Los días pasan sin darme cuenta y cuando salgo a la calle siento que el verano ya está aquí. Aunque el mar no esté cerca, la brisa tiene ese olor típico de los días calurosos, anochece a horas indebidas y el perro saca la lengua más de lo habitual. Días que pasan mientras recorro Madrid de punta a punta, guiado por las indicaciones de mi hermano, por las anécdotas -suyas- que hay detrás de cada esquina, pero también por lo que me cuentan mis amigos, por lo que leo en libros del pasado o por los afortunados descubrimientos del azar. Pronto haré un año que llegué a la ciudad, aunque tengo la sensación de que han sido un puñado de semanas largas. La conversación se traslada a las vacaciones, término que hace tiempo que desconozco, quizá porque sea incapaz de desconectar del todo o porque he transformado el trabajo en labor, en un calendario idílico. A veces, no sé a dónde ir porque estoy donde quiero.

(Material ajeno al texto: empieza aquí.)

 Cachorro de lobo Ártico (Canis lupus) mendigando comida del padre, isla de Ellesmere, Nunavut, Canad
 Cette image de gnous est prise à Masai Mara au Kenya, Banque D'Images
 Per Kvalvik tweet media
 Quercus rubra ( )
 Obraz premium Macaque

Las buenas noticias se suman, aunque poco pueda decir de ellas por cuestiones legales, así que me limito a seguir escribiendo, a tomar café en la barra de un bar del casco antiguo, en un clásico de Ibiza o Chamberí, en la mesita brillante del Hesperia o en una de esas franquicias con terraza que sólo valen para eso. Me deleito con los detalles, con las fotos de quienes ya estuvieron antes. Después de las seis, cambio de hábito, me dejo llevar, la conversación fluye aunque las piernas flaqueen y me quedo con frases, ideas que recuerdo más tarde y que anoto en ese cuaderno de tapa negra que releo cuando la autoestima está en horas bajas.
Llegamos a la conclusión de que la privacidad es el nuevo lujo, que no hay que contarlo todo, porque nunca a nadie le ha interesado el todo, sino lo justo para llenar con la imaginación el vacío que nos queda.
De repente, me veo en una foto y pienso en las pocas que hago, que hice y que haré. En ocasiones, una instantánea es suficiente para contar una historia llena de relatos cortos.